Using the data that follows, output only the lines from the line with "Your openconcept dining" up to and including the line with "View of yard with a patio and a pergola", exactly, leaving pictures aside.

**Data under study**
▬▬▬▬▬▬▬▬▬▬
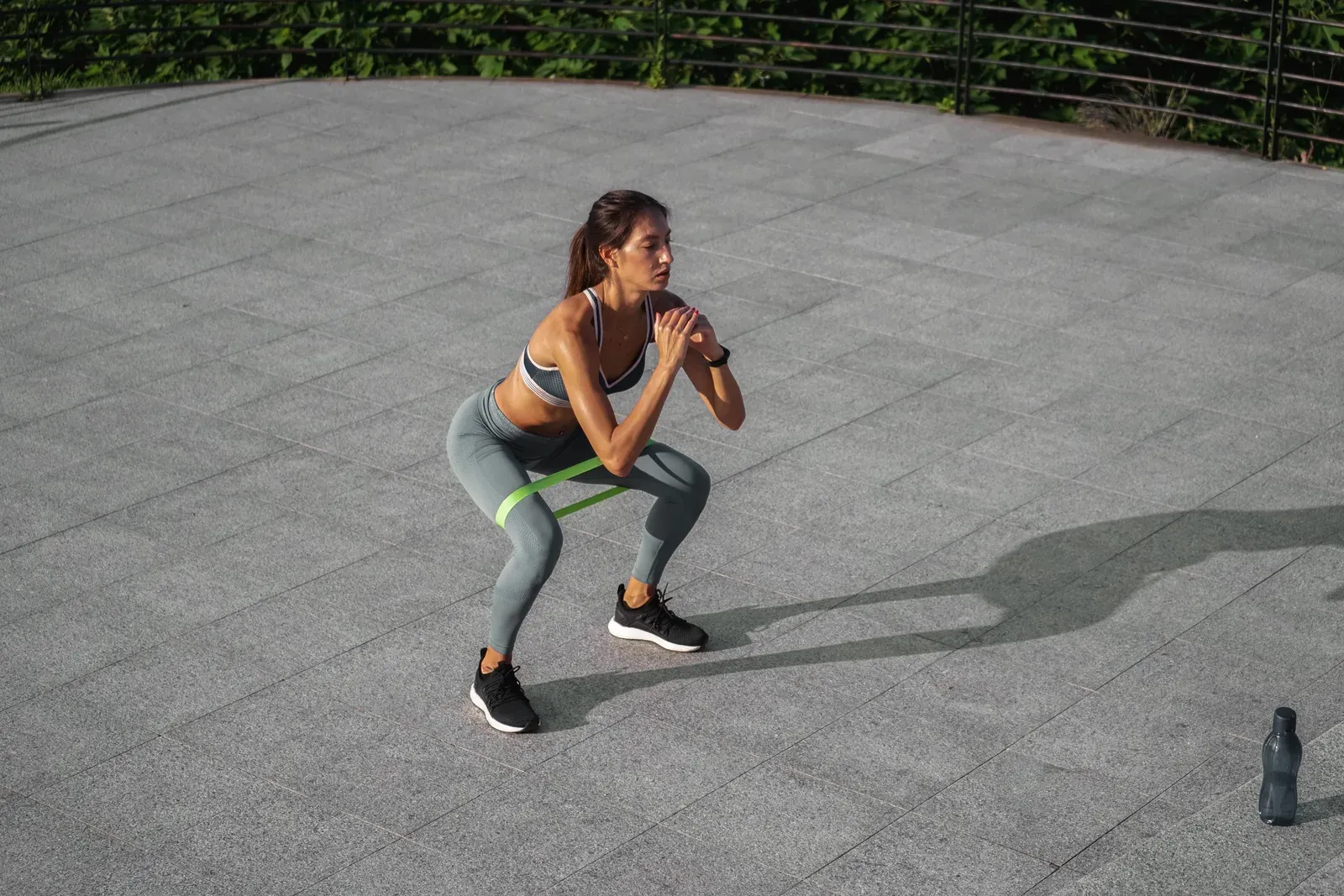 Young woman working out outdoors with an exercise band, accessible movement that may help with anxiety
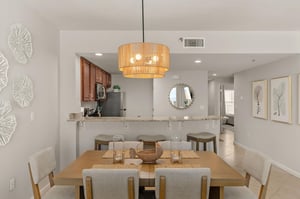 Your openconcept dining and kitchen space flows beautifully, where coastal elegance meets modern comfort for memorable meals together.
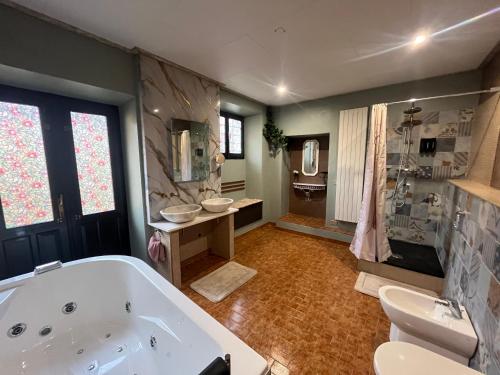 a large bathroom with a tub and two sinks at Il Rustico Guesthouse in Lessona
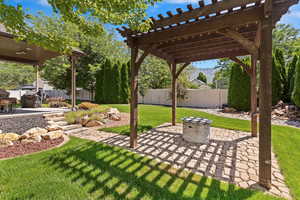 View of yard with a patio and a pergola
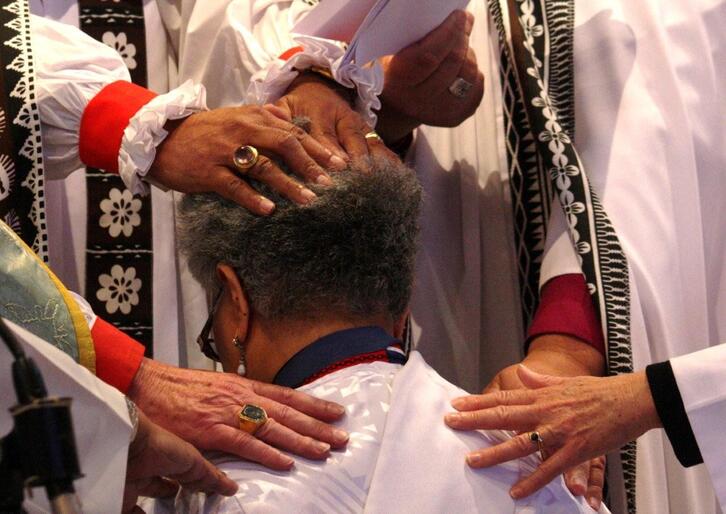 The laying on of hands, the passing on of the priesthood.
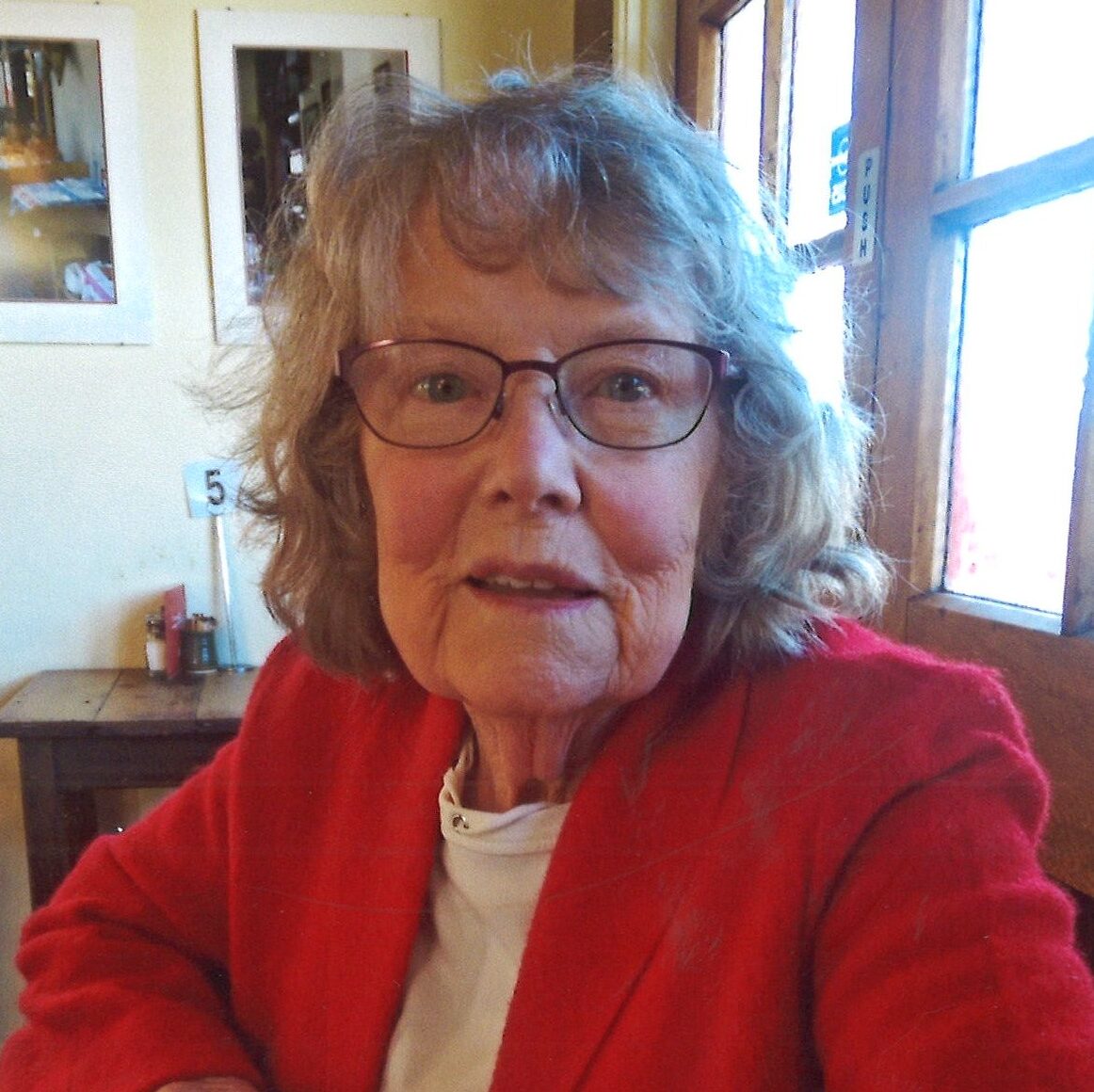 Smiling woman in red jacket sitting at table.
▬▬▬▬▬▬▬▬▬▬
**Solution to this task**
 Your openconcept dining and kitchen space flows beautifully, where coastal elegance meets modern comfort for memorable meals together.
 a large bathroom with a tub and two sinks at Il Rustico Guesthouse in Lessona
 View of yard with a patio and a pergola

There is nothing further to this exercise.